The Bosie City Council liked everything it saw in a new apartment complex project – except the location.
Boise City Council unanimously turned down a proposal for a multifamily project from Meridian-based developer Biltmore Company because it sat too close to the airport. The 84-unit development on Elder St. sits on land between Orchard Street and Vista Avenue next to I-84, in the Airport Influence Area. This means the development would be close enough to the airport for the noise to impact residents, and for the airport to have input on what kinds of development can be nearby.
Council Members agreed with the Planning & Zoning Commission’s denial of the project, citing the project’s proximity to airport noise and the comments from the Boise Airport expressing concern. Airport Director Rebecca Hupp said a multi-family development 260 feet away from the airport could jeopardize annual funding from the Federal Aviation Administration, which restricts the uses of land near the airfield.
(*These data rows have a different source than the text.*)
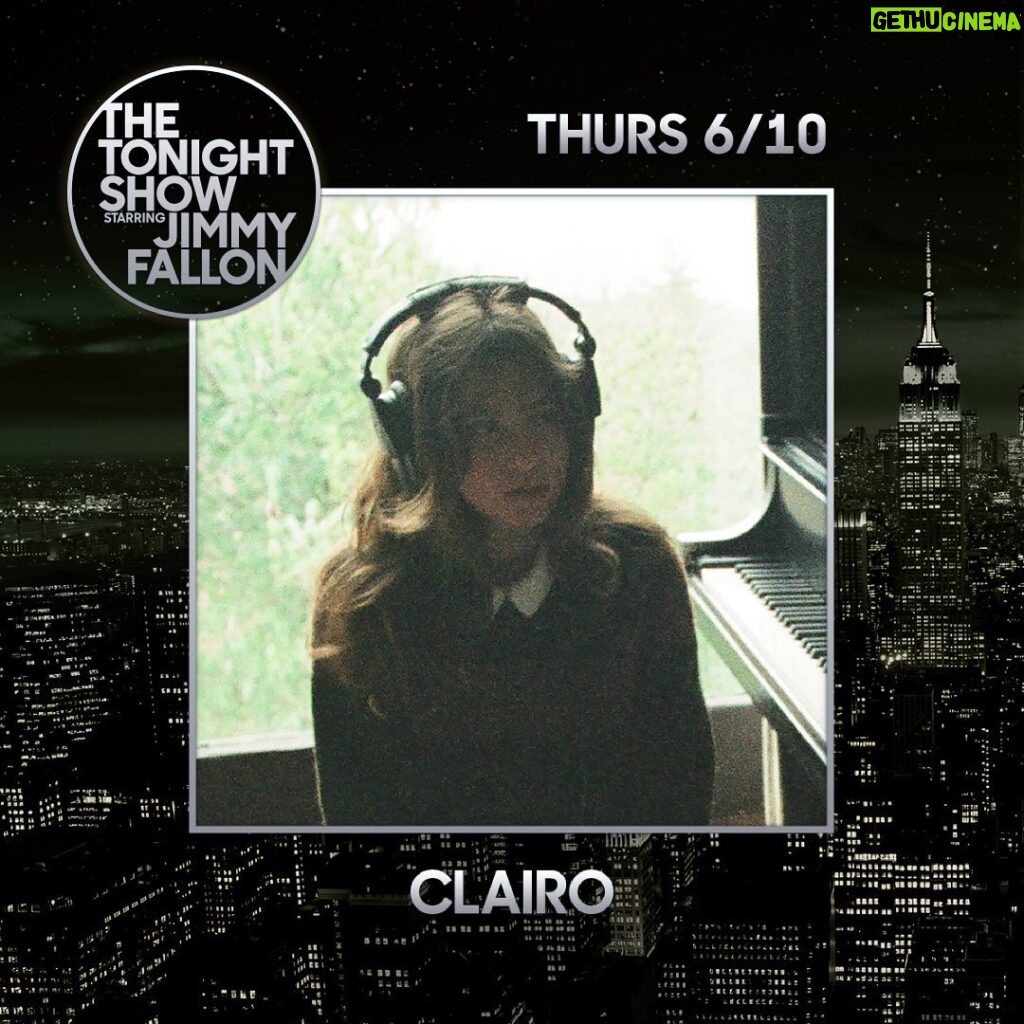 Clairo Instagram - I’ll be performing my song ‘Blouse’ on @fallontonight next week 🤓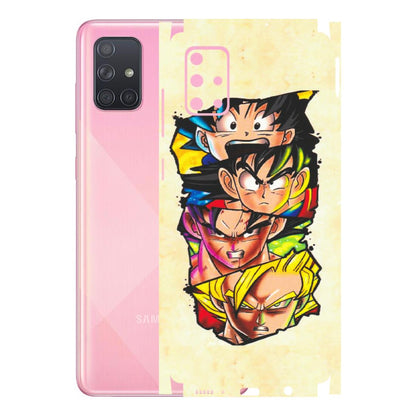 Samsung A/S Series Phone Skins (All Models) - Angry Multi Anime - Matte Finish (M-113) Samsung Galaxy A71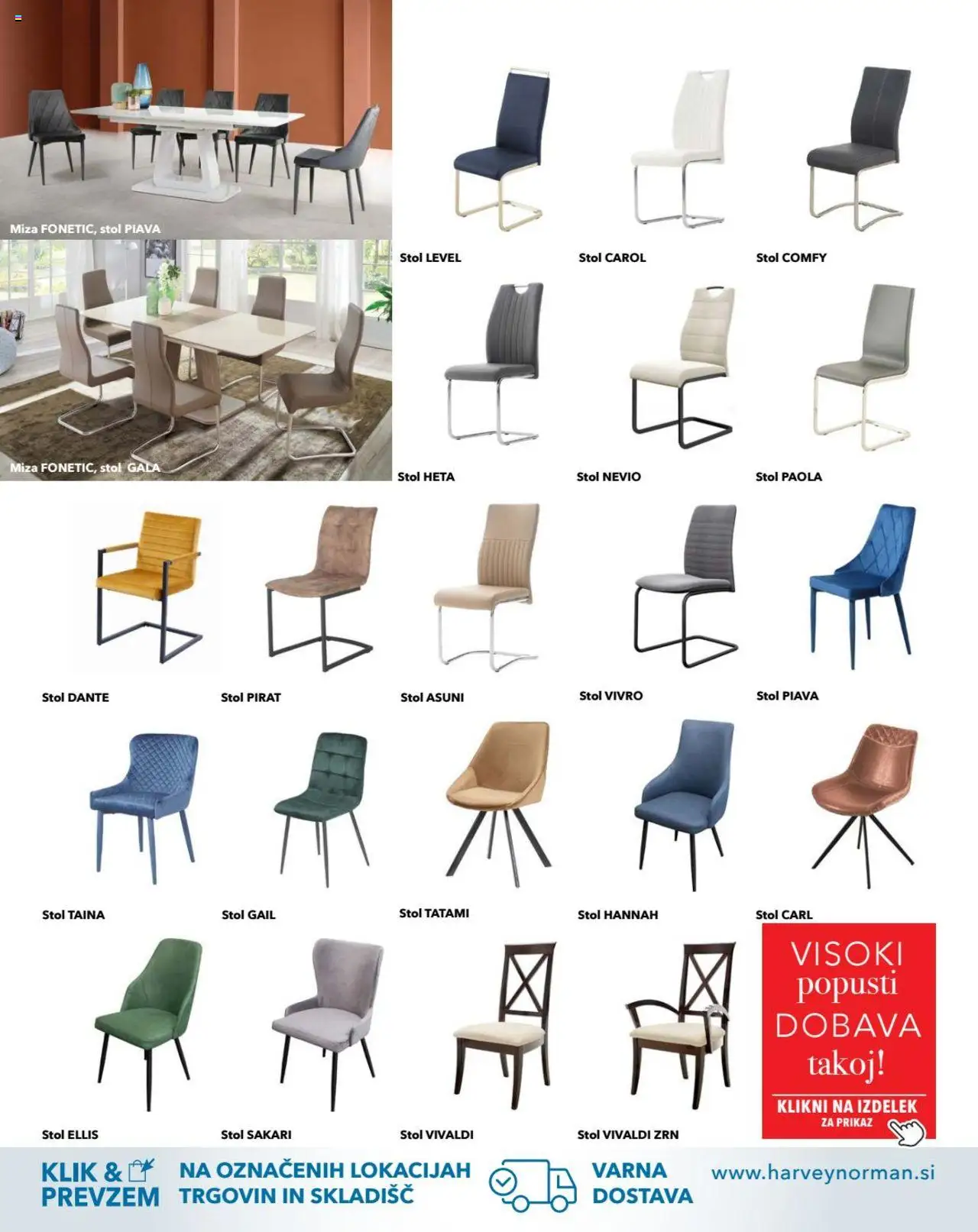 Harvey Norman - Nakupovalni vodič - Mize in stoli │ velja od 05.02.2021 | Stran: 5
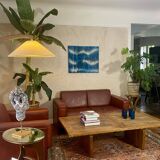 Korium km 3/1 2-seater sofa and armchair set by Tito Agnoli for Ma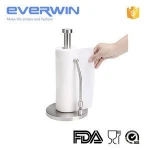 Stainless Steel one-hand tear kitchen paper towel holder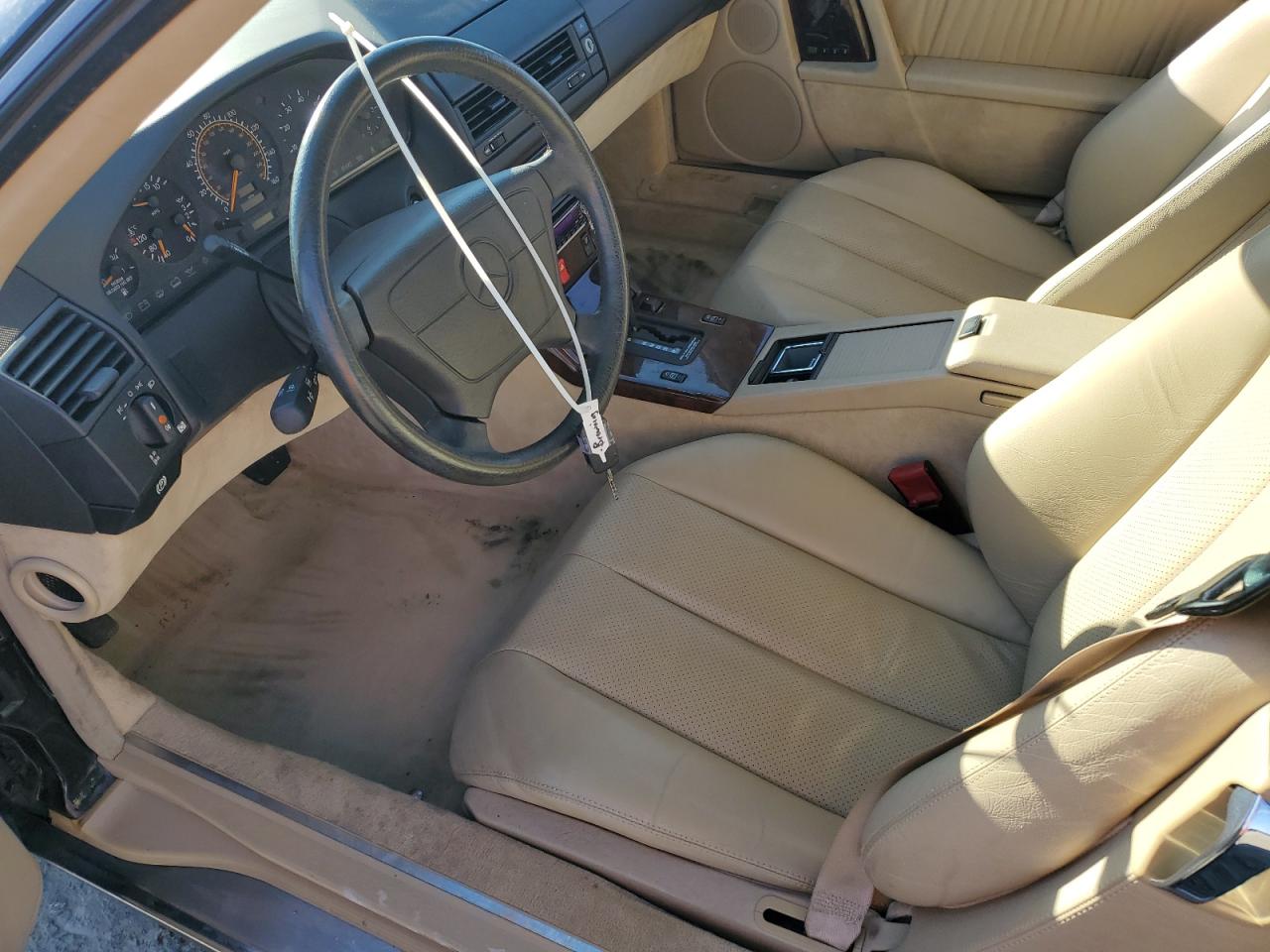 1994 Mercedes-benz Sl 500 Black vin: WDBFA67E7RF099033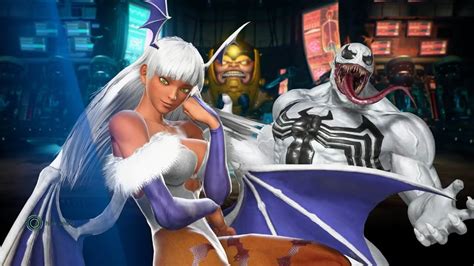 Marvel Vs Capcom Infinite Morrigan And Venom Arcade Playthrough Youtube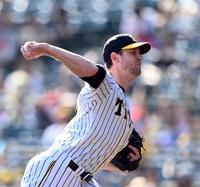 　先発し力投するガンケル（撮影・山口登）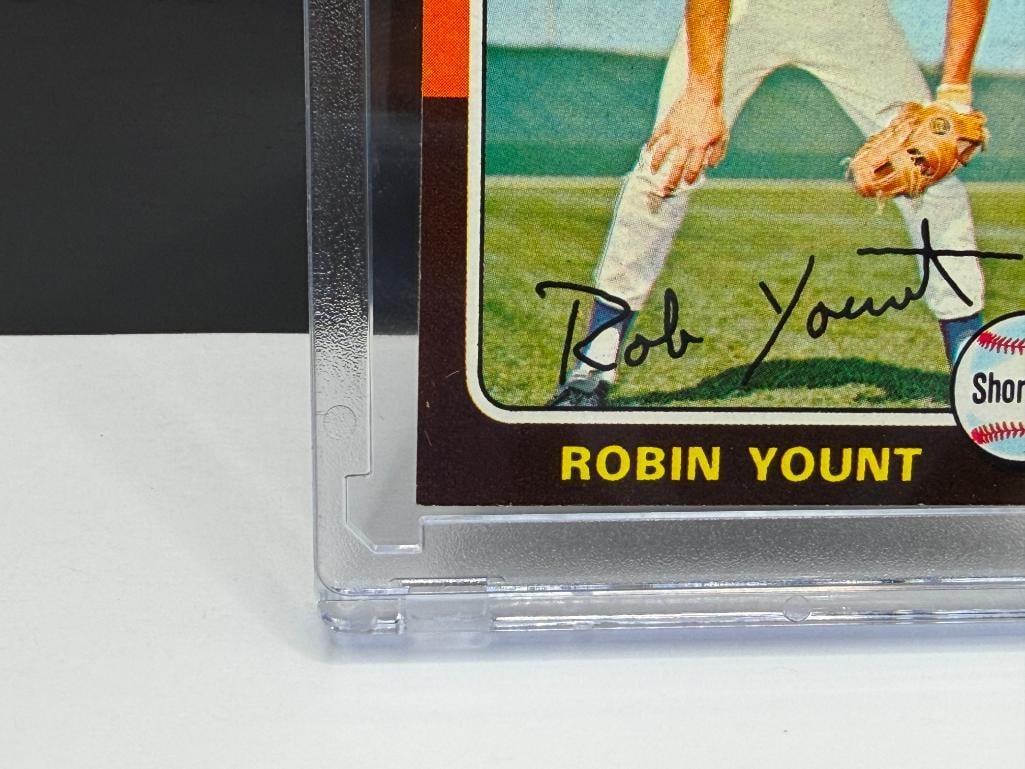 1975 TOPPS #223 ROBIN YOUNT ROOKIE BASEBALL CARD - 4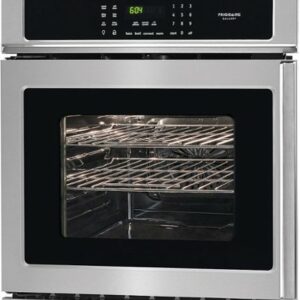 Frigidaire - Gallery Series 27" Built-In Single Electric Convection Wall Oven - Stainless Steel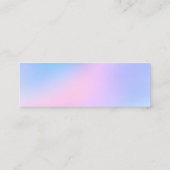 クリーニングサービスハウスキーパーピンクブルーグリッター1 スキニー名刺 (裏面)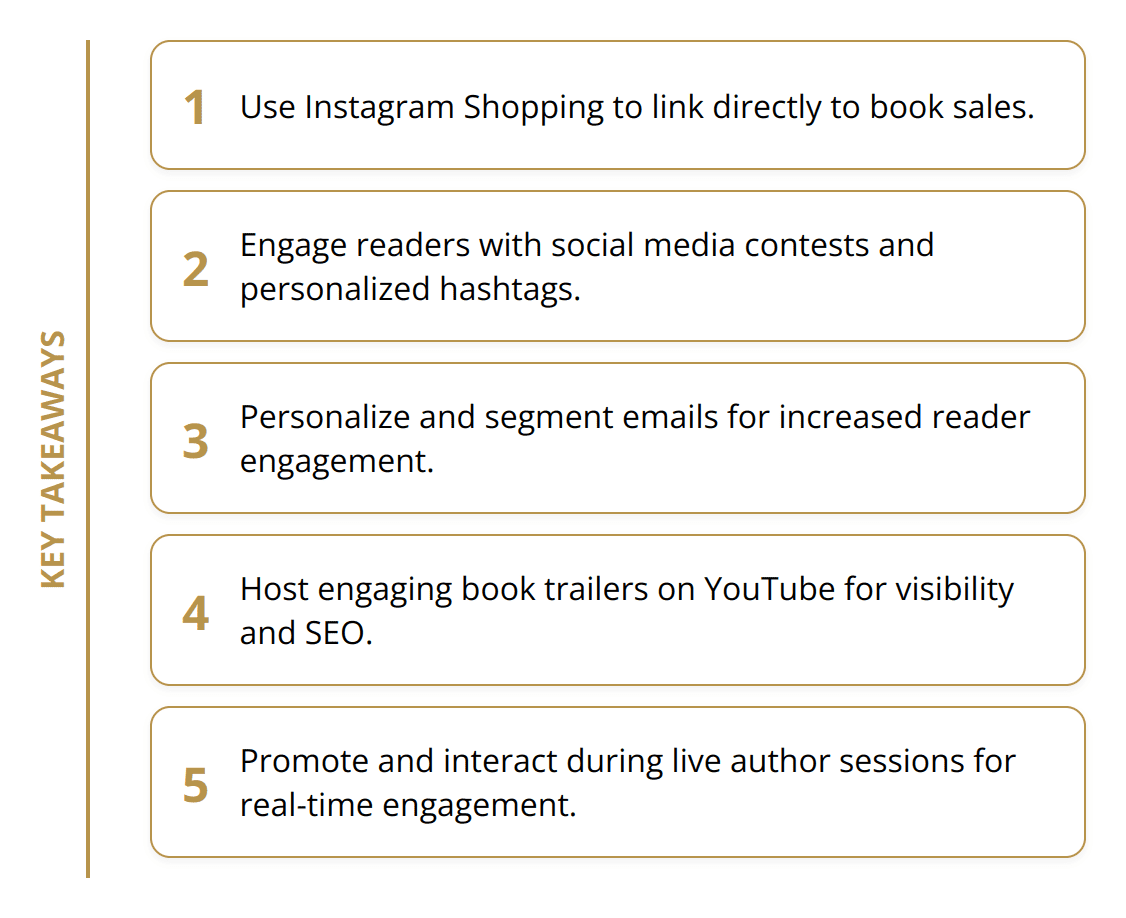 Key Takeaways - Digital Book Marketing Trends: Essential Guide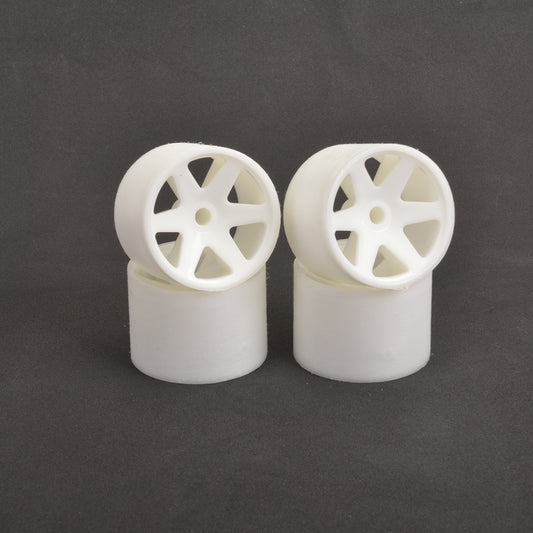 Contact 1/8th Stock Car Wheel - White 4pcs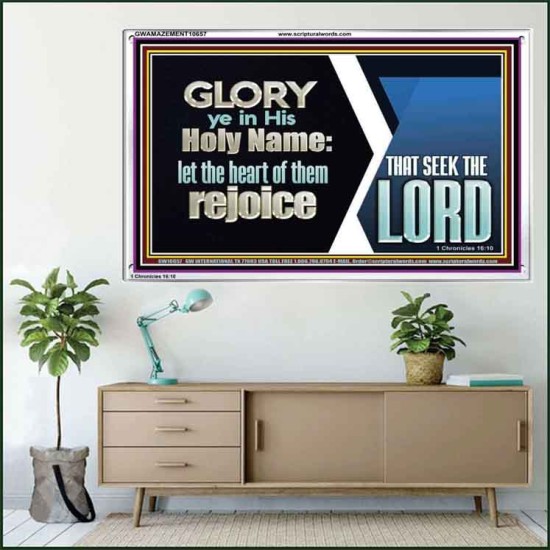 THE HEART OF THEM THAT SEEK THE LORD REJOICE  Righteous Living Christian Acrylic Frame  GWAMAZEMENT10657  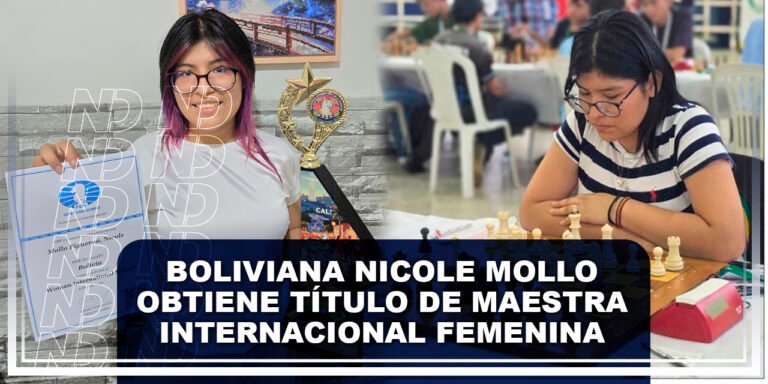 Boliviana Nicole Mollo obtiene título de Maestra Internacional Femenina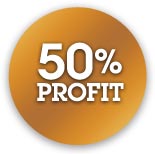 Earn 50% Profit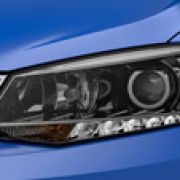 Skoda teases front design of 2015 Fabia image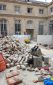 Cour de la Monnaie de Paris - remise en etat de la cour intérieure - dépose - terrassement - repose des pavés après passage de réseaux.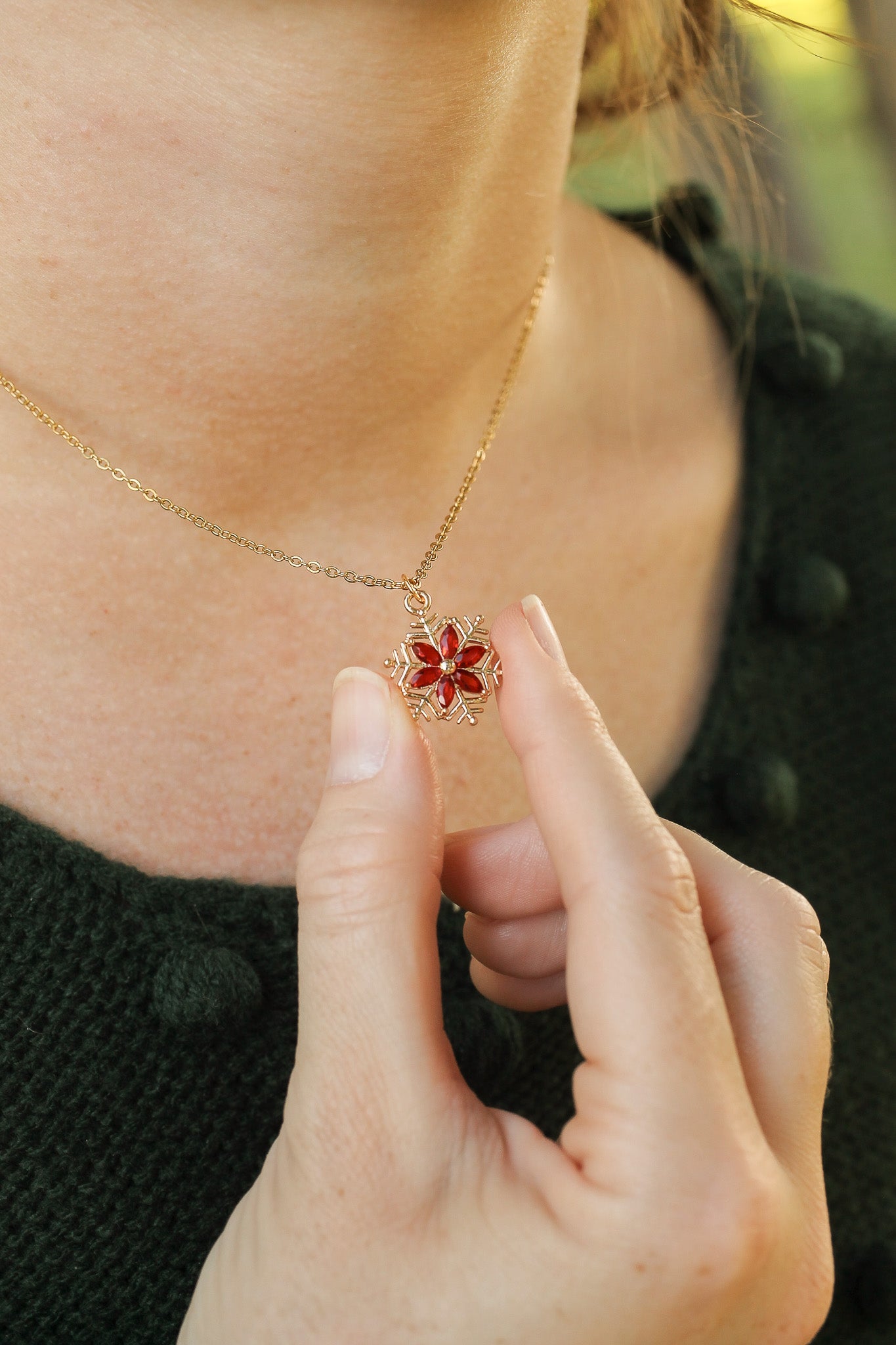 Noelle Necklace in Ruby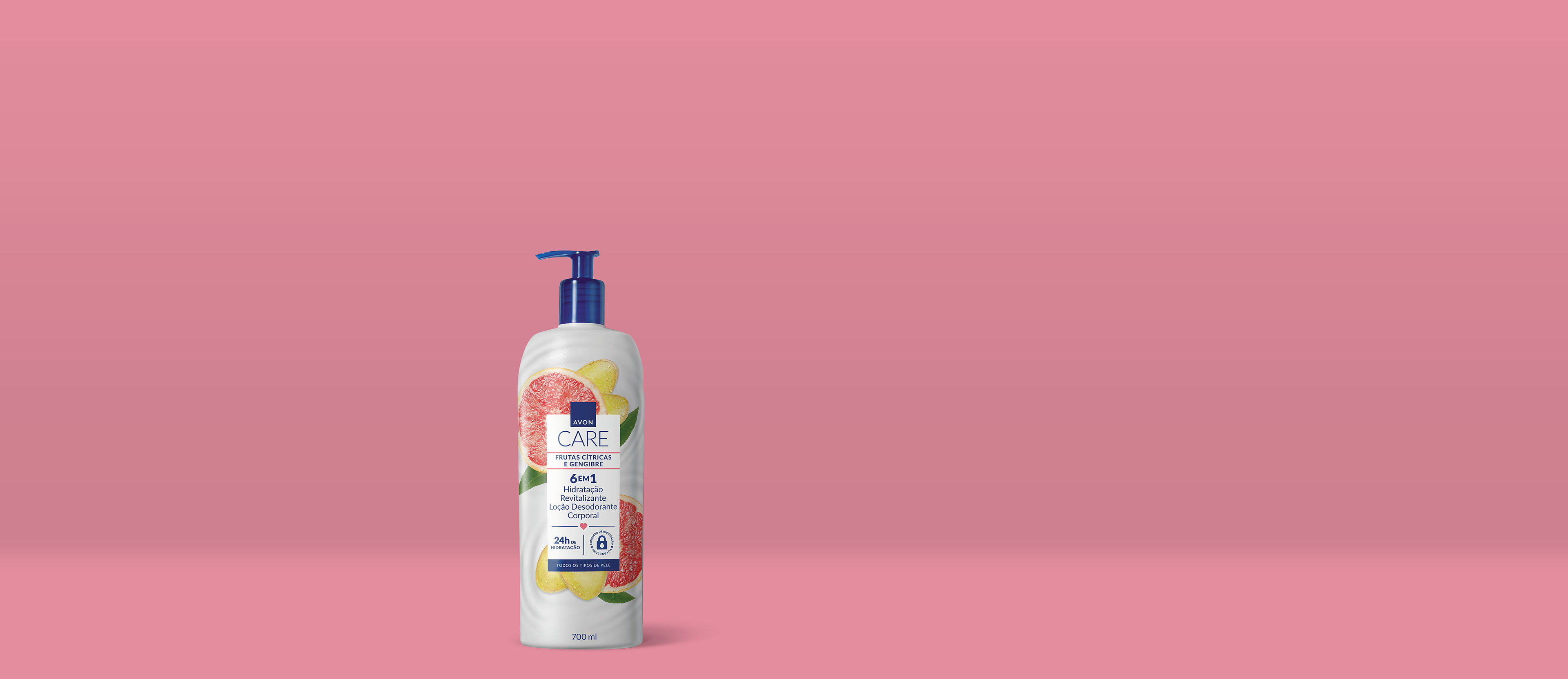 AVON CARE LOÇÃO DESODORANTE CORPORAL FRUTAS CÍTRICAS E GENGIBRE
Council Members were impressed with the development’s use of density, the increasing of height as it moved away from nearby single family homes and the new construction of housing on the already dense Boise Bench, but the airport was a deal breaker.
“If I could pick this development up and move it anywhere else in Boise, I would,” City Council Member TJ Thomson said.
Because the development is located near the airport, it is subject to a 2015 noise study. That study – and another in 2017 – found noise louder than 65 decibels during the day impacts the site. This makes the site incompatible for residential development, according to the federal government.
Aircraft noise in this section of the Boise Bench became a major issue in recent years when former Mayor Dave Bieter lobbied for the U.S. Air Force to locate an F-35 mission in Boise. A study released by the government last fall found hundreds of households would hear noise levels higher than 65 decibels on a regular basis if the jets started flying out of the Boise Airport, including Owyhee Elementary. The military ultimately decided to locate the planes outside of Madison, WI, instead.
Developer says nearby project a success
Kevin Amar, owner of Biltmore, disagreed with the city’s concerns about the project. He argued the company operates another multi-family project only 450 feet away, which has not experienced noise complaints and has high occupancy rates. He also argued the city denying this project is unfair because other projects in the area near the airport have been approved.
“We just saw a project that was unanimously approved by the city of Boise… that experiences higher levels of decibels than this project and staff supported it,” he said. “As I’m looked at the standards I am being held to, they are not standards that are adopted and they are not standards that are uniformly spread across projects in this area.”
In response, Deputy Director of Current Planning Cody Riddle said the city allowed certain developments closer to the airport, but they can only contain 3 units per acre.
City Council President Pro Tem Holli Woodings pointed out the density caps went into place to prevent the construction of low-income housing in areas impacted by aircraft noise. Lower-income residents often have less choice where they live, and would not be able to afford to move if the noise impacted their health. City Council Member Lisa Sanchez agreed.
“Folks who come from low income communities are often put in situations where their health needs are not taken into consideration,” she said. “I feel like there is no denying every single one of us who serves the city puts a priority on ensuring there is housing for folks and given that it’s still so important to advocate for those among us who are the most vulnerable.”